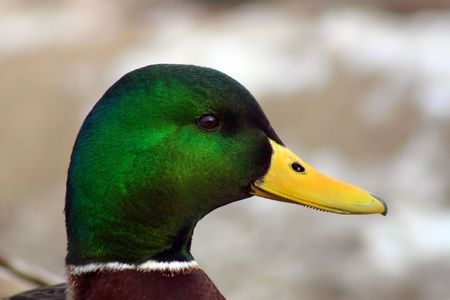 Close up view of duck's head showing details in the feathers and beak.の写真素材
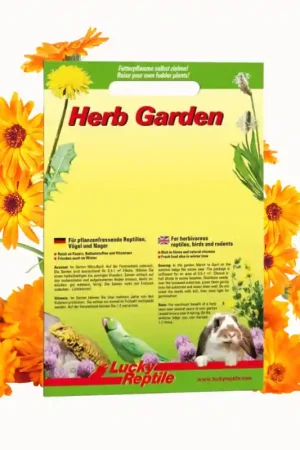 Lucky Reptile Herb Garden - Calendula (Goudsbloem) Superprijs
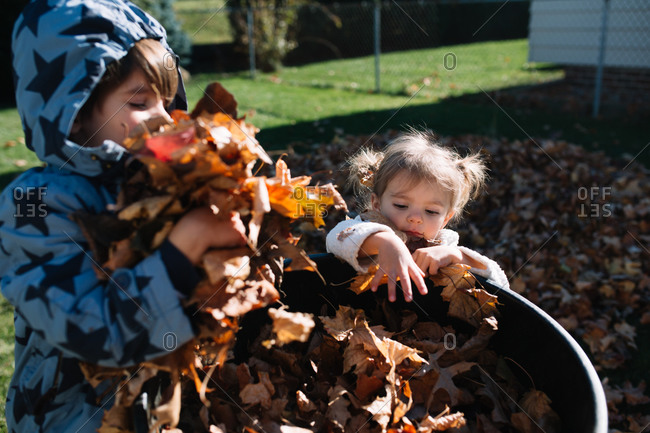 Children putting fallen leaves into a bin
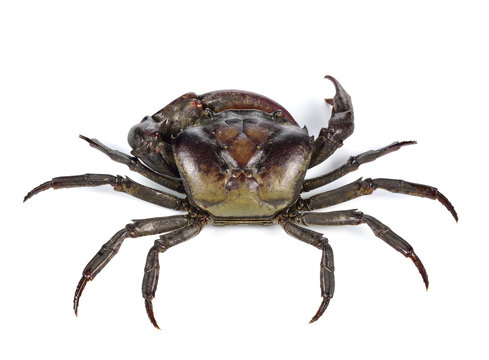 crab on white background.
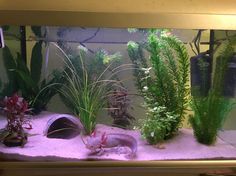 an aquarium filled with plants and fish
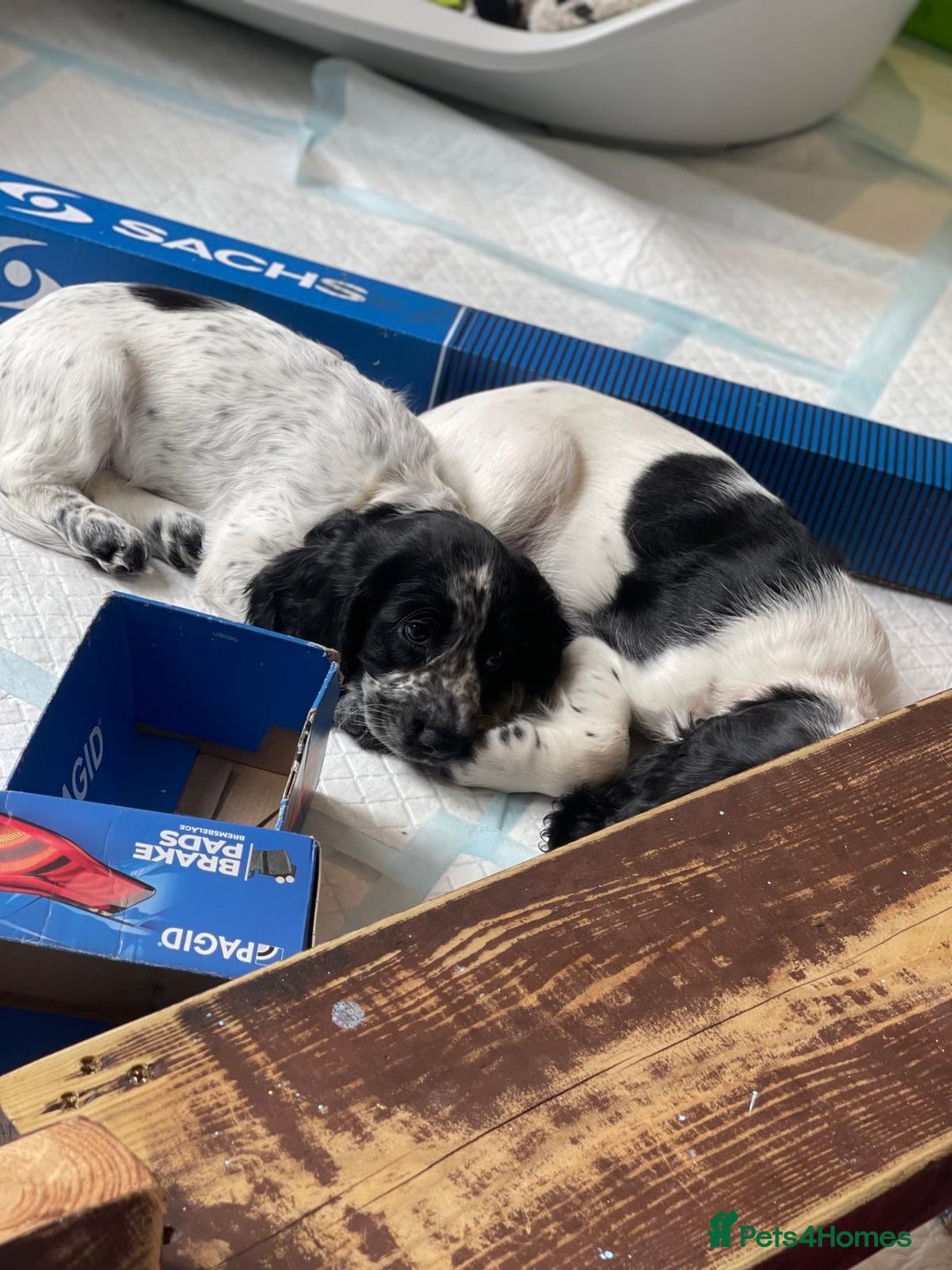 Cocker Spaniel dogs for sale: working cocker spaniel puppies for sale - Image 9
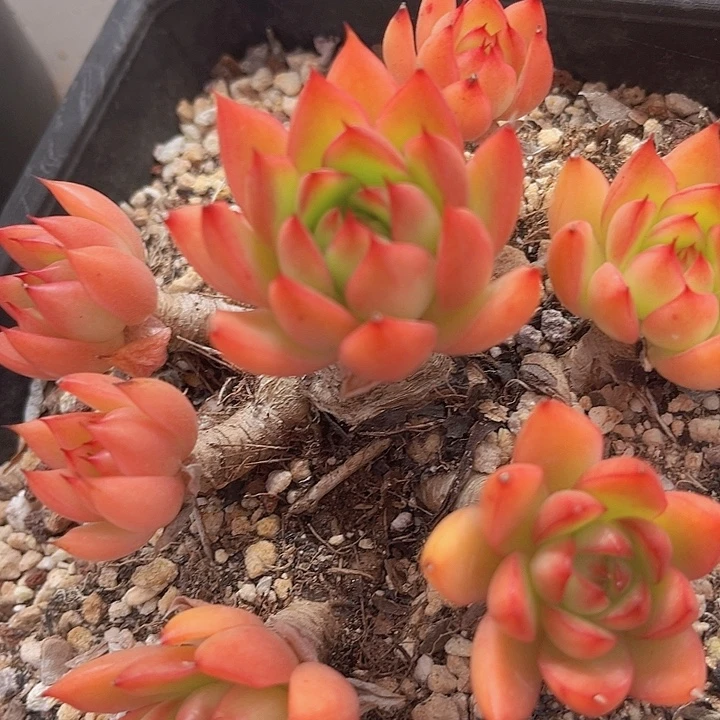 东云杂0991多肉植物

--------------------------------------------------

**Problem to solve:**
Your answer should consist solely of the lines from the one with "Cocker Spaniel dogs" through the last line of the entries, restated word for word, with the pictures omitted.

**Output for this task:**
 Cocker Spaniel dogs for sale: working cocker spaniel puppies for sale - Image 9
 东云杂0991多肉植物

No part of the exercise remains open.